Kenseth was by far the best in the Sprint Cup Series in 2014 on 1.5-mile intermediate tracks with an average finish of 5.73, including other wins at Kansas, Kentucky and Chicagoland.
It’s possible, however, Kenseth and his JGR teammates might have their signals crossed heading into Sunday’s Kobalt Tools 400 – at least when it comes to qualifying.
“I was depressed last week not making (the top) 12 – this week I couldn’t make (the top) 24. It was really bad,” said Kenseth, who will start 29th on Sunday. “I’ve got to figure out what I’m doing wrong.
“I’m not sure what went wrong. We worked on qualifying pretty hard. We were off a little bit, but I didn’t think we were off nearly this far. I’ve got to get better at it, for sure.”
NASCAR’s new aerodynamic package – designed primarily for the intermediate tracks – also gets its debut Sunday, and those changes may negate some of the advantage Kenseth and JGR teammates Denny Hamlin and Kyle Busch held from last season.
All three will have to battle from the back of the field if they are to have a shot at winning Sunday’s race.
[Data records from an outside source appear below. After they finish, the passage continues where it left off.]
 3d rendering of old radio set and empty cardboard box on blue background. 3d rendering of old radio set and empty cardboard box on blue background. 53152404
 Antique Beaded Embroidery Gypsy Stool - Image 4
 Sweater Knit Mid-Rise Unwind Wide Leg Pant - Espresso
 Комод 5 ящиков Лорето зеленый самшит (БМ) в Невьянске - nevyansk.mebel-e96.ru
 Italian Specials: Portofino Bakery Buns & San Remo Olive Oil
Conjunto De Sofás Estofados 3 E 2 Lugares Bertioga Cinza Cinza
Busch will start 20th and Hamlin 27th.
One trait Kenseth held throughout all of last season – other than his trademark consistency – was his speed. Week-in and week-out he had one of the fastest cars.
Through the season’s first two races, Kenseth hasn’t led a single lap, and the three JGR drivers have led 35 of the 512 laps raced.
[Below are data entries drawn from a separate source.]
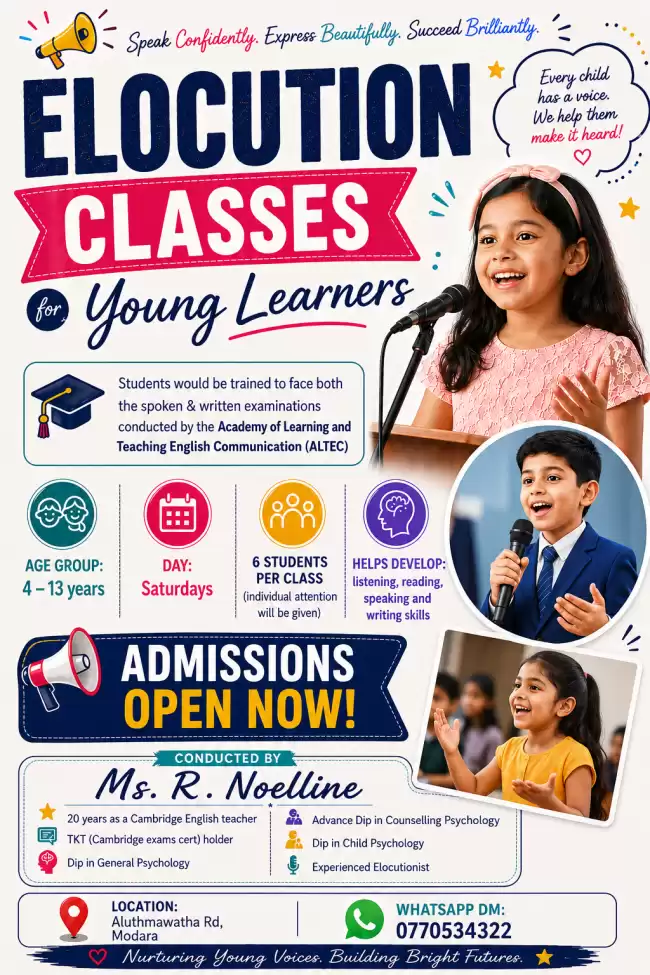 English Classes conducted in person and online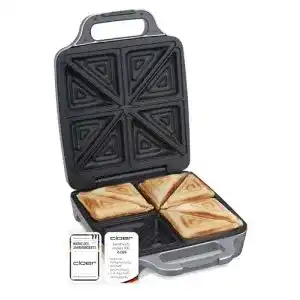 Cloer 6269 Sandwichmaker XXL mit Keramikbeschichtung und 1800 W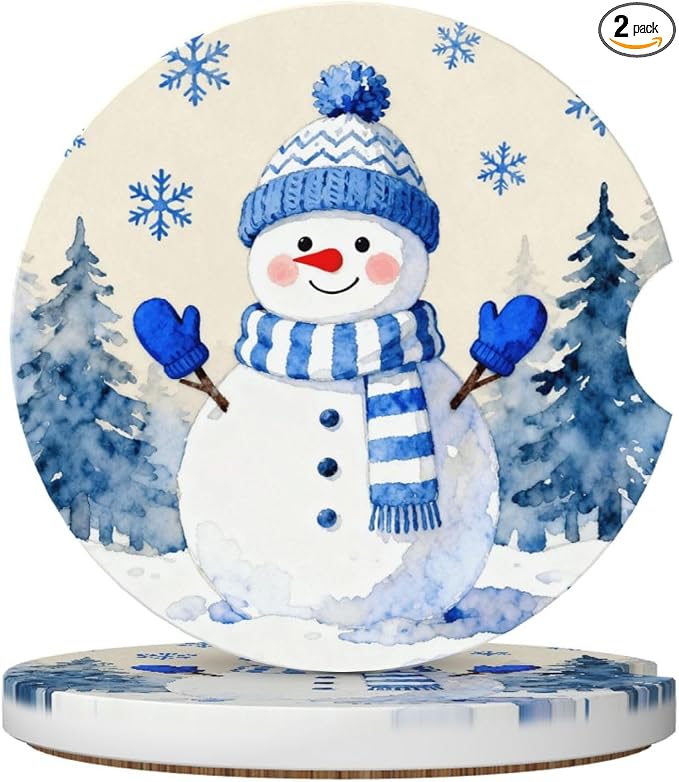 Snowman Snowflakes Winter 2 Pack Car Cup Holder Coasters Absorbent Ceramic Drink Coasters 2.56" Universal Anti Slip Cup Mat with Cork Base Finger Notch Auto Accessories Interior for Women Men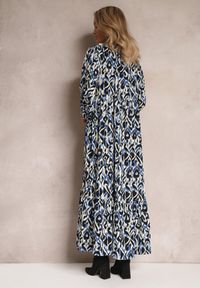 Renee - Granatowo-Niebieska Sukienka Rozkloszowana Maxi z Falbanką Maruerilla. Kolor: niebieski. Materiał: tkanina. Długość: maxi #2
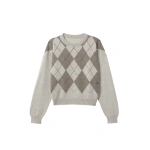 Johnstons of Elgin Clan Natural Argyle Cashmere Jumper | Sweaters | Coveti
Kenseth said it was difficult to tell whether JGR had lost any of its advantage on intermediate tracks this season.
“Nobody’s raced here, obviously, with this new no ride-height rule and with the new aero package and the bigger spoiler and all that stuff,” he said. “It’s a little bit of an unknown really, until you get going.”
Kenseth’s domination on the intermediate speedways last season played a big role in his ability to battle for the series championship. He would love to replicate that success on the intermediate tracks, which make up 11 of the 36 points-paying races on the 2014 schedule.
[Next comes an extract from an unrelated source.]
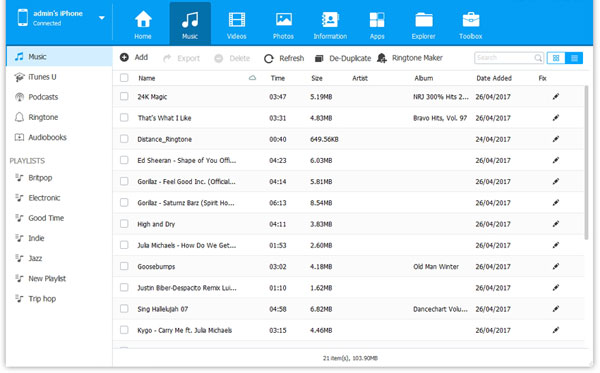 Vista previa de iTunes u y seleccione archivos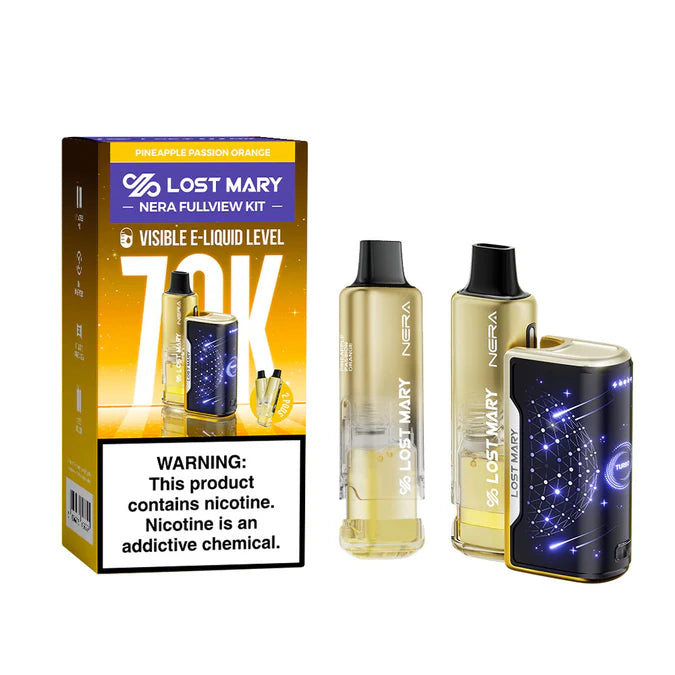 Pineapple Passion Orange  Lost Mary Nera Fullview 70K Kit disposable vape packaging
“I feel like when you get back from California you kind of have a pretty good idea where you stack up compared to your competition because you’ve been on a superspeedway, you’ve been on a flat mile, and you’ve been at an intermediate like (Las Vegas),” he said.
“It’s still early in the season – I don’t think in the first handful of races you can really predict where you’re going to be at the end of the year because things change a lot.”
Even so, were Kenseth to get through the first handful of races without a win or run consistently poorly, it would certainly raise a red flag over the driver who outran everyone else in 2013.
“The rules package is a fair amount different than it was last year. Obviously that’s going to evolve. Either the people that are ahead of you, you may get caught up to them a little bit or vice versa,” Kenseth said.
“I think certainly after the next few weeks you kind of get an idea of where you are, where your strong suits are and where you need to improve.”
Right now, it might seem like improvement is needed everywhere. But you can never be too certain.
Kenseth was a surprise last year as he enjoyed his most prolific season in the Cup series which kicked off with a win at Vegas. He ended the year with seven wins and the most laps led in his career.
“Success is great while you’re having it. But what we did last year has just about zero impact on this year,” Kenseth said.
“Some people, they get on a roll, and maybe they get more confident or maybe even arrogant. Some of that works for them. That doesn’t work for me.”